An interesting study involved identical twins. In each set of twins, one sibling had ME/CFS and the other did not. Researchers found that the ones with ME/CFS did have different responses to cold than their healthy siblings, when it came to both pain tolerance (how much pain they could handle) and pain threshold (the point at which the cold became painful.)
A study published in Pain revealed something about a process called pain inhibition. In a healthy person, the brain takes steps to lessen pain that’s anticipated (like when a nurse gives you a shot) or pain that’s repeated (like walking on a pebble in your shoe.)
Researchers found that the inhibition process was slower to respond to cold stimulation in people with ME/CFS than in healthy controls. They believe this could play a role in chronic, widespread pain in this disease but point out that more research is needed to confirm this.
A study looking at adolescents with ME/CFS may have uncovered some important information about homeostasis. Researchers found that when a hand was exposed to cold, the kids with ME/CFS had significantly more shivering and sudden changes in skin color than their healthy counterparts. Blood flow to the hand also reacted differently in the control group and illness group. Body temperatures dropped more among the ME/CFS participants as well.
So, this symptom is established in medical literature and we have some early findings that more research can be based upon.
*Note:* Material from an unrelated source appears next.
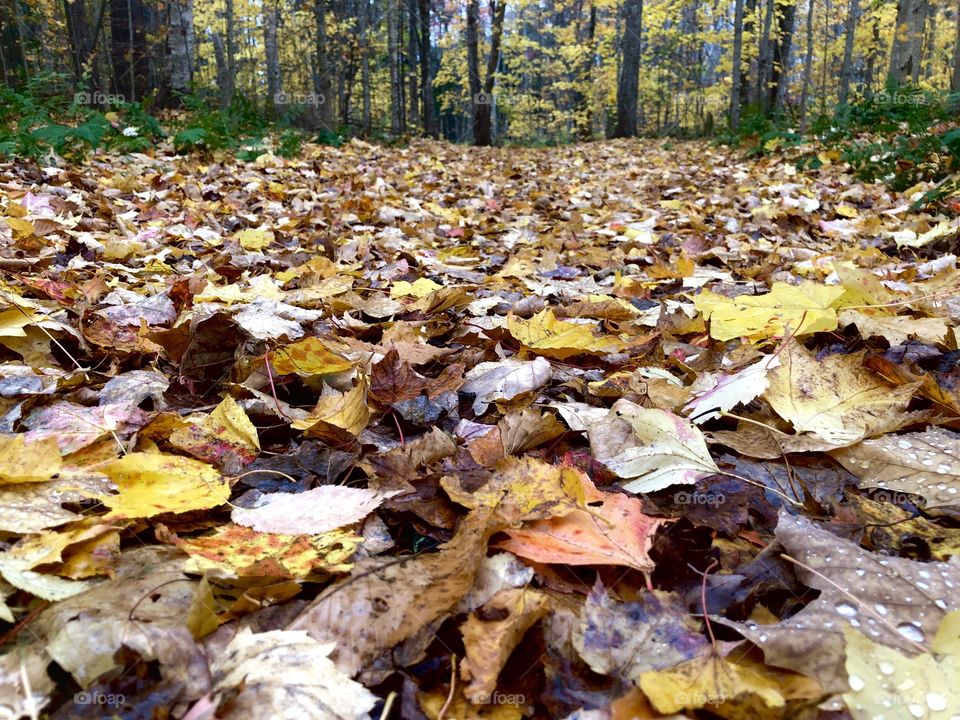 Leaf covered path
Living With Temperature Sensitivity
So far, we don’t have treatments aimed specifically at this symptom. However, there’s a lot we can do in our daily lives to help alleviate it. There are ways to deal with cold and heat sensitivity. Talk to your doctor about this symptom. It may help him/her draw conclusions about what’s going on in your body and what might help you feel better.
Albrecht PJ, et al. Excessive peptidergic sensory innervation of cutaneous arteriole-venule shunts (AVS) in the palmar plabrous skin of fibromyalgia patients: implications for widespread deep tissue pain and fatigue. Pain Medicine. 2013;14(6):895-915.
Brusselmans G, et al. Skin Temperature during Cold Pressor Test in Fibromyalgia: an Evaluation of the Autonomic Nervous System? Acta Anaesthesiologica Belgica. 2015;66(1):19-27.
Elmas O, et al. Physiological parameters as a tool in the diagnosis of fibromyalgia syndrome in females: A preliminary study. Life Sciences. 2016;145:51-6.
Larson AA, Pardo JV, Pasley JD. Review of overlap between thermoregulation and pain modulation in fibromyalgia. Clinical Journal of Pain. 2014;30(6):544-55.
Meeus M, et al. Diffuse noxious inhibitory control is delayed in chronic fatigue syndrome: an experimental study. Pain. 2008;139(2):439-48.